Пальцы у меня отчего-то плохо гнулись, и голова кружилась. Надо было бы закрыть окно, но сперва для этого требовалось встать – или кликнуть Юджинию, но ни на то, ни на другое сил не хватало. Зато веки отяжелели, но сомкнуть их не давал страх: а что, если на сей раз во сне меня подстережёт не Абени? Не зря ведь она предупредила меня именно сейчас…
Как не вовремя!
Я и без того чувствовала себя измотанной. Который день кофейня бурлила из-за убийств, и прежде спокойные люди перемывали кости то погибшим циркачам, то герцогу, и пари между ла Роном и миссис Скаровски только добавляло жару. А каждая следующая смерть наносила всё более тяжёлые удары по моему самообладанию – наверное, потому что эти люди больше не были для меня чужими, незнакомцами, и я глубоко сопереживала мисс Ишервуд.
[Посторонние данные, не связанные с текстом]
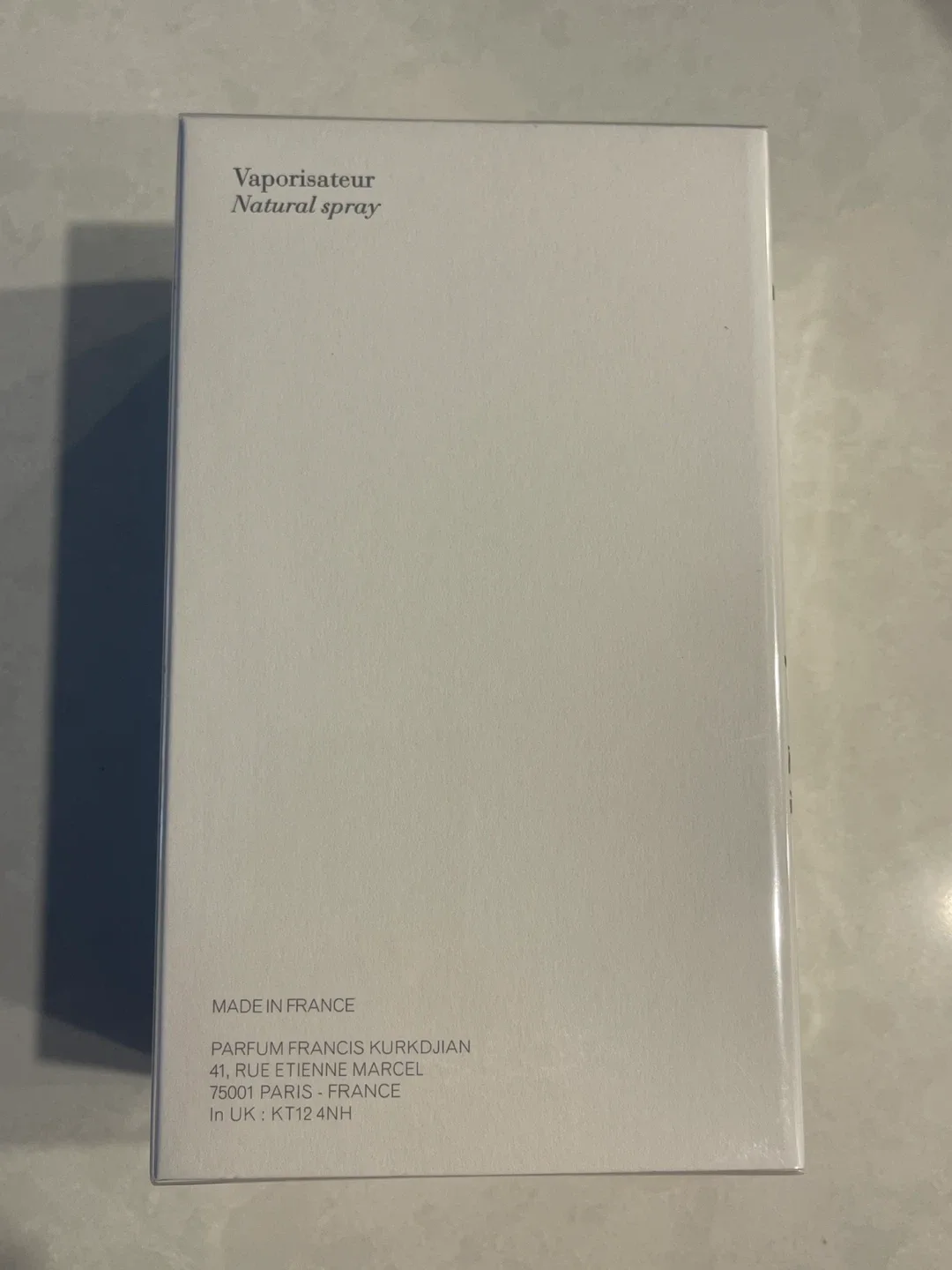 Maison Francis Kurkdjian A La Rose Eau de Parfum 200ml Perfume image indicator(4)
А чудовищный финал Салиха, о, святые Небеса, прямо у нас на глазах… И ведь в стенах родного дома тоже не найти покоя: нрав де Нарвенья походил на подожжённую коробку с чжанскими фейерверками – то одна ракета устроит переполох, то другая загорится от искры… И Джул, дядин камердинер – откуда мисс Ишервуд его знала? Куда исчезал он по ночам? Конечно, Клэр не стал бы покрывать убийцу, но…
Ощущая всё яснее эту опустошительную беспомощность, я невольно сжалась. И тут щёлкнул замок, а дверь спальни начала отворяться.
– Как удачно, Юджиния, мне как раз нужно… – начала было я и осеклась, ибо на пороге комнаты возникла отнюдь не моя горничная.
– Сон дурной приснился? – спросил Лайзо, невозмутимо прикрывая за собою дверь.
Его появление настолько обескуражило меня, что я не сумела ни разозлиться, ни смутиться даже. Напротив, почувствовала постыдное облегчение: теперь-то Валх точно не дотянется до этой спальни…
«И есть кому закрыть окно, наконец-то», – пронеслась в голове незваная мысль, и сделалось смешно.
– Зачем ты пришёл? – спросила я, понизив голос. – Уже рассвело, прислуга давно не спит. А если бы тебя кто-то увидел?